Set down, word for word, the line with "3 chambres, fer" and the lines after it through the final line of the data below, without pictures.

**Dataset items**
-- -- --
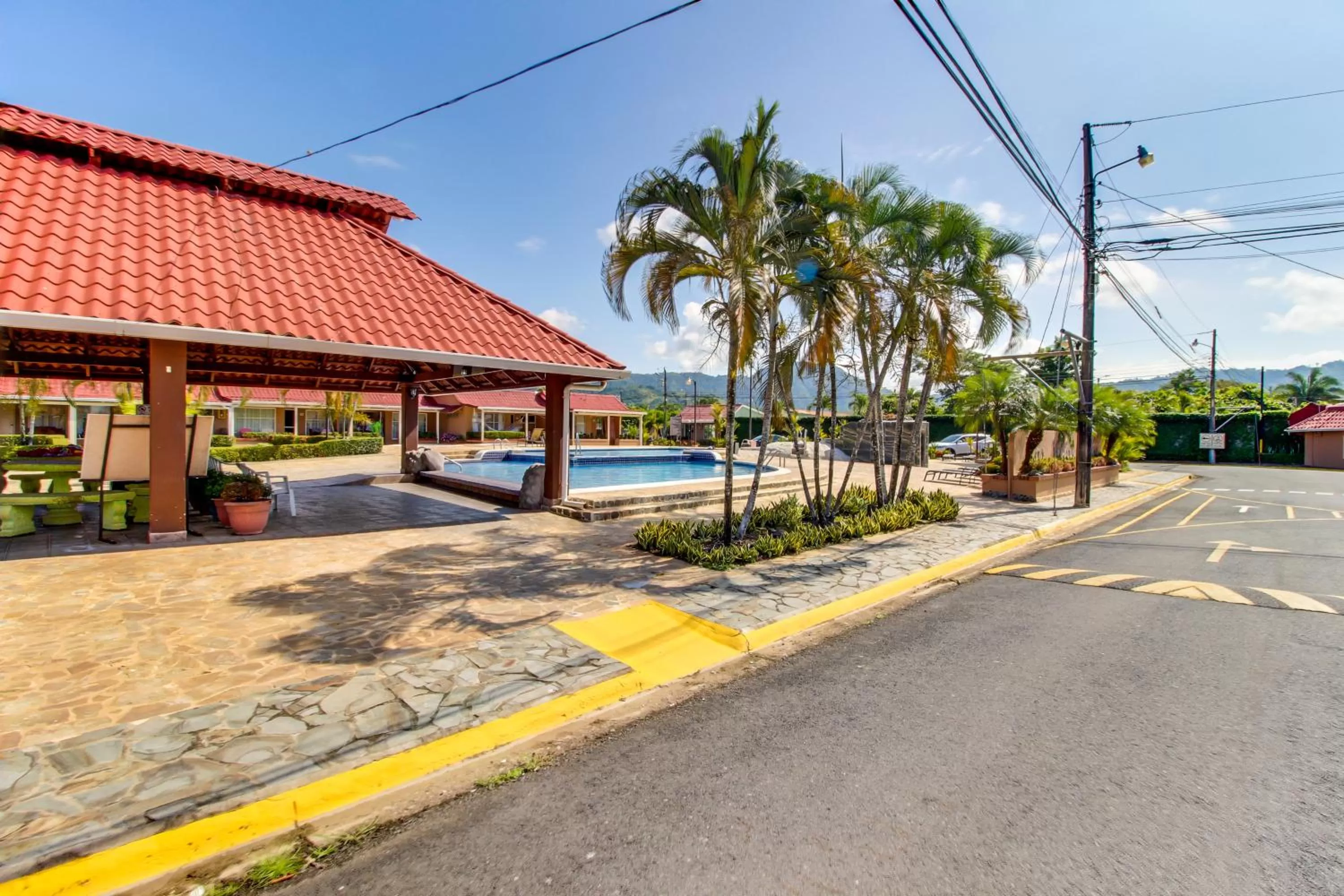 Swimming Pool in Villa Paraíso
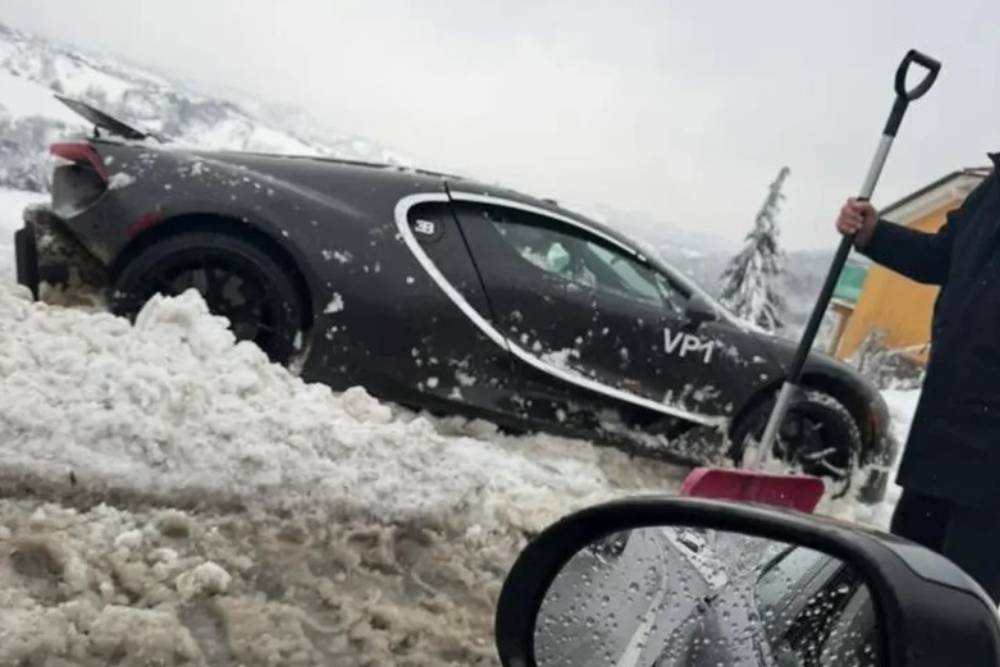https://cdn.autogreeknews.gr/wp-content/uploads/2025/12/bugatti-tourbillon-snow-03.jpg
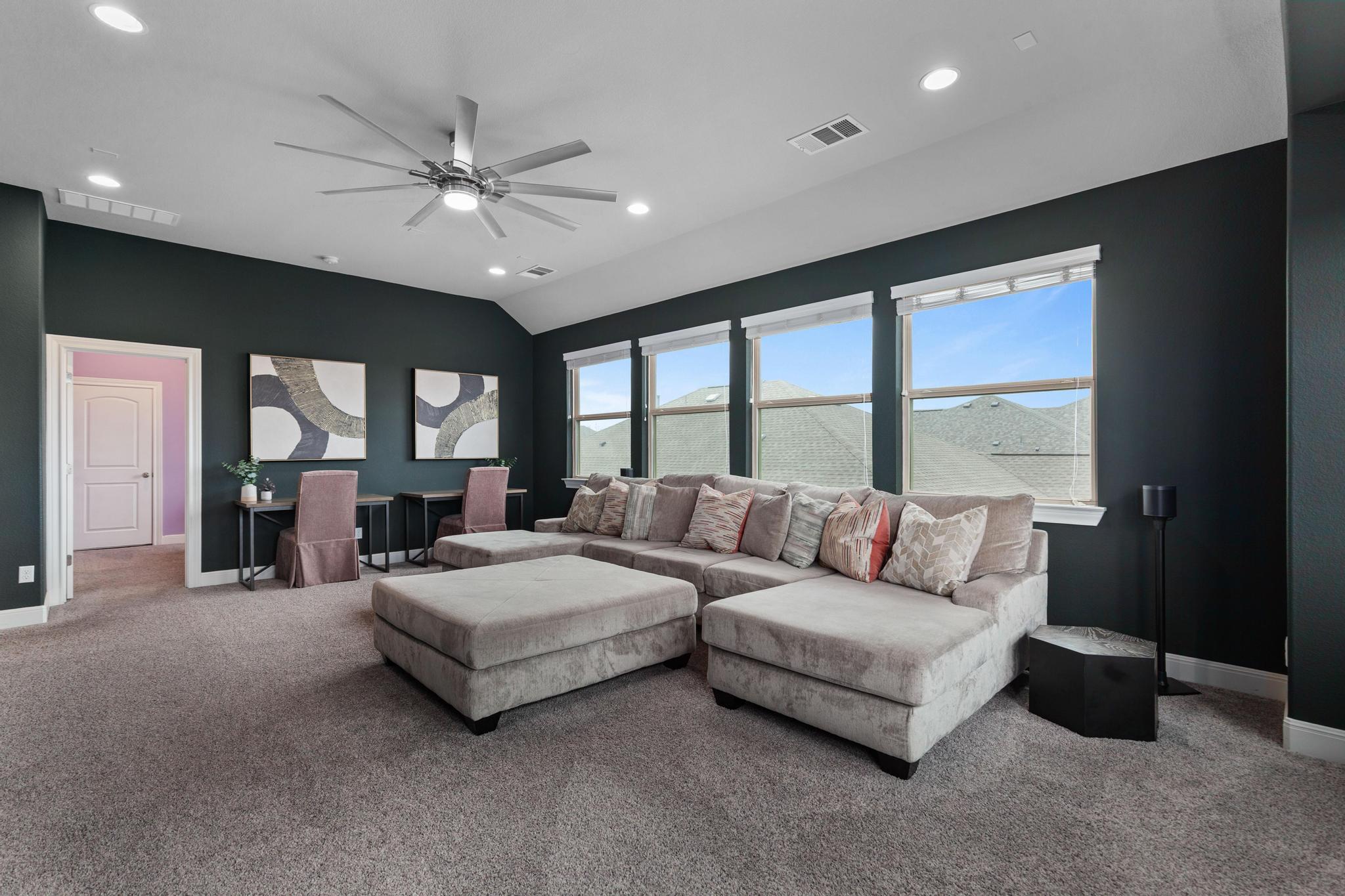 3028 Silvergrass CV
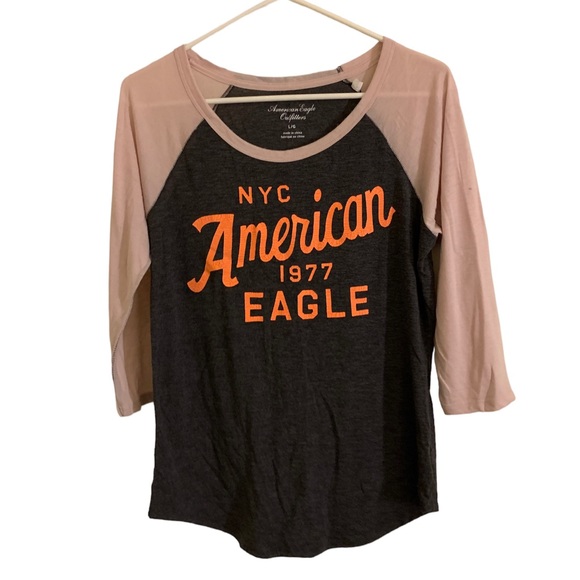 American Eagle Outfitters Tops - EUC American Eagle Women’s Baseball Shirt in Gray/Pink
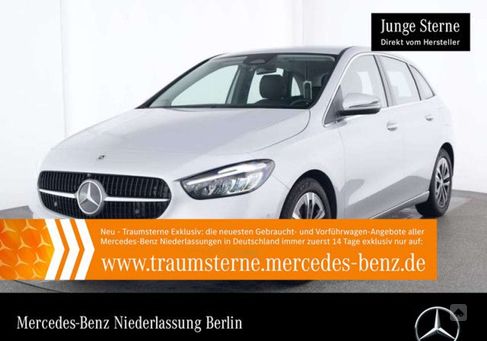 Mercedes-Benz B 180, 2023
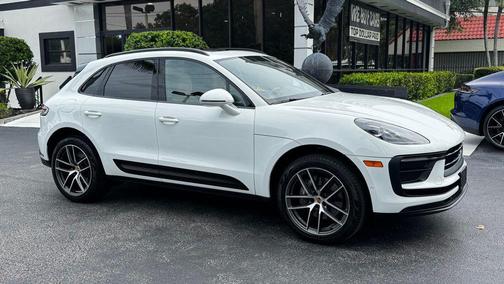 2022 Porsche Macan AWD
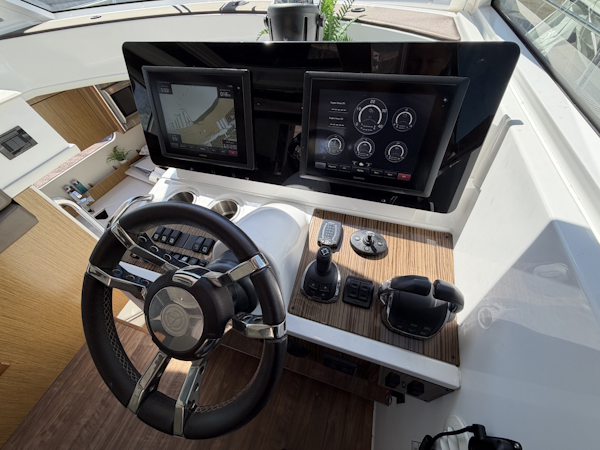 Cruisers Yachts-41 Cantius 2016 -Clinton-Connecticut-United States-6088971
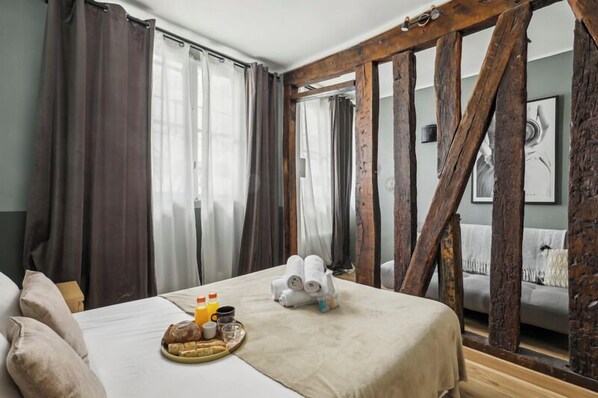 3 chambres, fer et planche à repasser, accès Internet, draps fournis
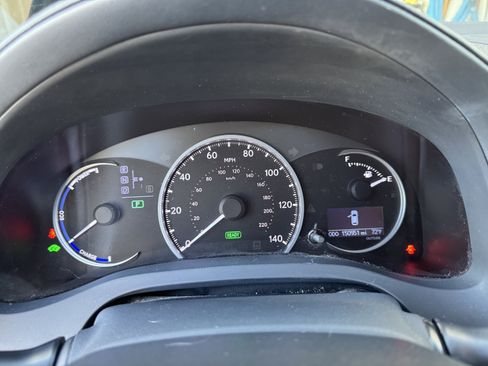 Used 2012 Lexus CT 200h Premium w/ Premium Audio Pkg image 18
-- -- --
**Answer to this exercise**
 3 chambres, fer et planche à repasser, accès Internet, draps fournis
 Used 2012 Lexus CT 200h Premium w/ Premium Audio Pkg image 18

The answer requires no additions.